Stored items from a collection
BEGIN

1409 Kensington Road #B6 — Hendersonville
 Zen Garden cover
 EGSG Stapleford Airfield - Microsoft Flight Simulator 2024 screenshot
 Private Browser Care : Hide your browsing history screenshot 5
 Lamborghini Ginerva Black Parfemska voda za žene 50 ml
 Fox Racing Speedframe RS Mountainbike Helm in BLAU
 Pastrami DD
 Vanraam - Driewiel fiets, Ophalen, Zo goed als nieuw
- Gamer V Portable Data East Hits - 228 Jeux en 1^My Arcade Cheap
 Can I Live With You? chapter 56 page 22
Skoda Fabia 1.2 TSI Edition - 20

END

HOW TO COMPLETE THIS TASK: Using the records above, output exactly the lines from the one containing "Lamborghini Ginerva Black" through the last line, and no others.

RESULT OF THIS EXERCISE:
 Lamborghini Ginerva Black Parfemska voda za žene 50 ml
 Fox Racing Speedframe RS Mountainbike Helm in BLAU
 Pastrami DD
 Vanraam - Driewiel fiets, Ophalen, Zo goed als nieuw
- Gamer V Portable Data East Hits - 228 Jeux en 1^My Arcade Cheap
 Can I Live With You? chapter 56 page 22
Skoda Fabia 1.2 TSI Edition - 20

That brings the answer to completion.